The competition is sponsored by La Fondation Bundi, a non-profit initiative of the Afrotech project at the École Polytechnique Fédérale de Lausanne (EPFL) and the Swiss National Centre of Competence for Research in Robotics (NCCR). The Bundi fund will be held in the philanthropic arm of the Lombard-Odier bank in Geneva.
This coalition of non-governmental organizations (NGOs), academic and banking interests hope to “pioneer a new transportation system for the world by developing robots with rugged air frames capable of safe and cheap unmanned flight of heavy cargo over long distances – the “Flying Donkeys.”
They foresee commercial operations by 2020, with vehicles carrying 20 kilogram cargo loads over 50 kilometers (31 miles) “in less than an hour along an established network.”

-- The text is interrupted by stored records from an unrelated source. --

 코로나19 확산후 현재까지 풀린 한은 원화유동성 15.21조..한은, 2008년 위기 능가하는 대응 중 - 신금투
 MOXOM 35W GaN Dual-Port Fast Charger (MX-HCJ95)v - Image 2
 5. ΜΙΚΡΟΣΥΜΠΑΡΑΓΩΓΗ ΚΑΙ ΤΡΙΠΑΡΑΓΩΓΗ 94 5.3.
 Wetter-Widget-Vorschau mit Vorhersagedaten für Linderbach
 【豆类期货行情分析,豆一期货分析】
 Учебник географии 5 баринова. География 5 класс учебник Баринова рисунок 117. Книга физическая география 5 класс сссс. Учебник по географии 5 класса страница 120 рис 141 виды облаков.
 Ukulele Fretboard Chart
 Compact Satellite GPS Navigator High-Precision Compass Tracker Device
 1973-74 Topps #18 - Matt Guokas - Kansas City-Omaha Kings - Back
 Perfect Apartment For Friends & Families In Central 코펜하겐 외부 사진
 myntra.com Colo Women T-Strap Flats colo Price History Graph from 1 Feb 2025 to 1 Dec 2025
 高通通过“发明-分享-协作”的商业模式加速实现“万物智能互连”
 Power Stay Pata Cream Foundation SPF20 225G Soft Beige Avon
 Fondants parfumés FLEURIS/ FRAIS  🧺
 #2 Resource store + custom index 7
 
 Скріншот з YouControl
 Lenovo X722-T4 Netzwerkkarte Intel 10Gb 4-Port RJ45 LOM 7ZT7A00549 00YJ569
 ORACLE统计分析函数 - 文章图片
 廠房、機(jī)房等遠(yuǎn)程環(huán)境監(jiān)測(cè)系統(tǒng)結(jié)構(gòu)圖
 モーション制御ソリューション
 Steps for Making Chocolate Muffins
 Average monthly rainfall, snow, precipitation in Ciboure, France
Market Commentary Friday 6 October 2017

Committed to “majority African designed and assembled flying donkeys, the Foundation’s expectation that “tens of thousands of them will be operating globally within a generation.”
Challenges will include technical, legal, logistics and architectural and design efforts, with “large awards” in cash to teams with the best solutions. The foundation “will work to ensure flying donkeys are a friendly service, dependably exploiting the space above our heads to create jobs and enable e-commerce.”
The group defines a Flying Donkey as, “An authorized Unmanned Aerial Vehicle (UAV) that can carry Cargo, with a maximum takeoff weight of 60 kilos. Donkeys can be fixed or rotary wing, or even lighter than air, with combustion or electric power plants. (Since organizers don’t specify internal combustion engines, it would seem steam or Stirling engines are an option.)
Bargain hunters and scroungers might have an advantage, since rules state, “The total Bill of Materials (BOM) and energy consumption must be readily available and low-cost.”
First of the several challenges will take place in November 2014, but entrants must have already registered in October and submit their written application by December 2013. Teams will submit technical reports and videos in January 2014, face an interview in March and will receive their confirmation and grants in April. They must have their flight vehicle in Kenya in November 2014 for pre-flight inspections and mission assignments.
Since those initial missions are yet loosely defined, competitors may be hard pressed to optimize their entries for the contests. It should be extremely exciting to see how the various teams (up to 15) manage the challenges, whether this can lead to fulfilling the ambitions of the organizers.